• What is required: Set down, exactly and in full, the line holding "微信密码忘记了怎么办优质" and all the lines after it until the listing ends, and nothing else.

• Source data:
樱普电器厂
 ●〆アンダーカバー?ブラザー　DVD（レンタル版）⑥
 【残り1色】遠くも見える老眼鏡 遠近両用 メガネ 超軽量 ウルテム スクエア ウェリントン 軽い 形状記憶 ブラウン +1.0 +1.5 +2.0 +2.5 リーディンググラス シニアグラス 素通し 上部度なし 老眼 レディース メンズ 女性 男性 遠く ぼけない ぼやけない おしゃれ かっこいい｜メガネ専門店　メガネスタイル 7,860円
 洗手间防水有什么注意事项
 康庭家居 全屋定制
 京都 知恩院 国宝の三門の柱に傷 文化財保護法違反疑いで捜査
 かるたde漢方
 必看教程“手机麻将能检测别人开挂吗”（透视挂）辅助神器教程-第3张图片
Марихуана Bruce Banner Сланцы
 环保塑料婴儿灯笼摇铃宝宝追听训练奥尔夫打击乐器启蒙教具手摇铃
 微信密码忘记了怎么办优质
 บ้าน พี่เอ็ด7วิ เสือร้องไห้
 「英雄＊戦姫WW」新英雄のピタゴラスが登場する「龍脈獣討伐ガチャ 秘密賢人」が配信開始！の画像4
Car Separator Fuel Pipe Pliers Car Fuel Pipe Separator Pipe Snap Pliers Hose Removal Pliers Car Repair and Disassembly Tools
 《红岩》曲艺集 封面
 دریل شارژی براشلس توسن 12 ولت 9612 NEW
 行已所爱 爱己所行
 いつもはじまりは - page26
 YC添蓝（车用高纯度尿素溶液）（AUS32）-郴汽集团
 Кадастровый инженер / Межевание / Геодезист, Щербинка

• Your solution:
 微信密码忘记了怎么办优质
 บ้าน พี่เอ็ด7วิ เสือร้องไห้
 「英雄＊戦姫WW」新英雄のピタゴラスが登場する「龍脈獣討伐ガチャ 秘密賢人」が配信開始！の画像4
Car Separator Fuel Pipe Pliers Car Fuel Pipe Separator Pipe Snap Pliers Hose Removal Pliers Car Repair and Disassembly Tools
 《红岩》曲艺集 封面
 دریل شارژی براشلس توسن 12 ولت 9612 NEW
 行已所爱 爱己所行
 いつもはじまりは - page26
 YC添蓝（车用高纯度尿素溶液）（AUS32）-郴汽集团
 Кадастровый инженер / Межевание / Геодезист, Щербинка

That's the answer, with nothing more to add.